--- INFORMATION PROVIDED ---

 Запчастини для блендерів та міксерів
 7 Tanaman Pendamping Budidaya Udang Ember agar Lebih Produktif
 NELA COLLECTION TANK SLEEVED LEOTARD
--
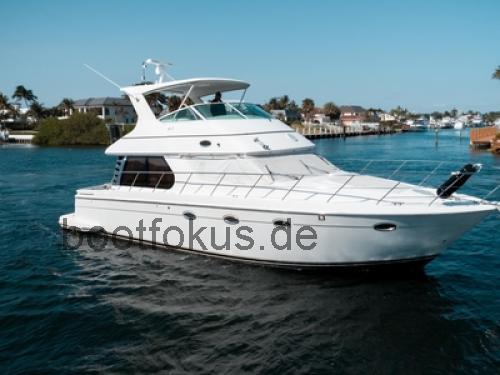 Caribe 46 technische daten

--- INSTRUCTIONS TO FOLLOW ---
Both end lines included, restate word for word the lines above from the line with "Запчастини для блендерів та міксерів" to the line with "NELA COLLECTION TANK SLEEVED LEOTARD", and nothing else.

--- ANSWER TO THE PROBLEM ---
 Запчастини для блендерів та міксерів
 7 Tanaman Pendamping Budidaya Udang Ember agar Lebih Produktif
 NELA COLLECTION TANK SLEEVED LEOTARD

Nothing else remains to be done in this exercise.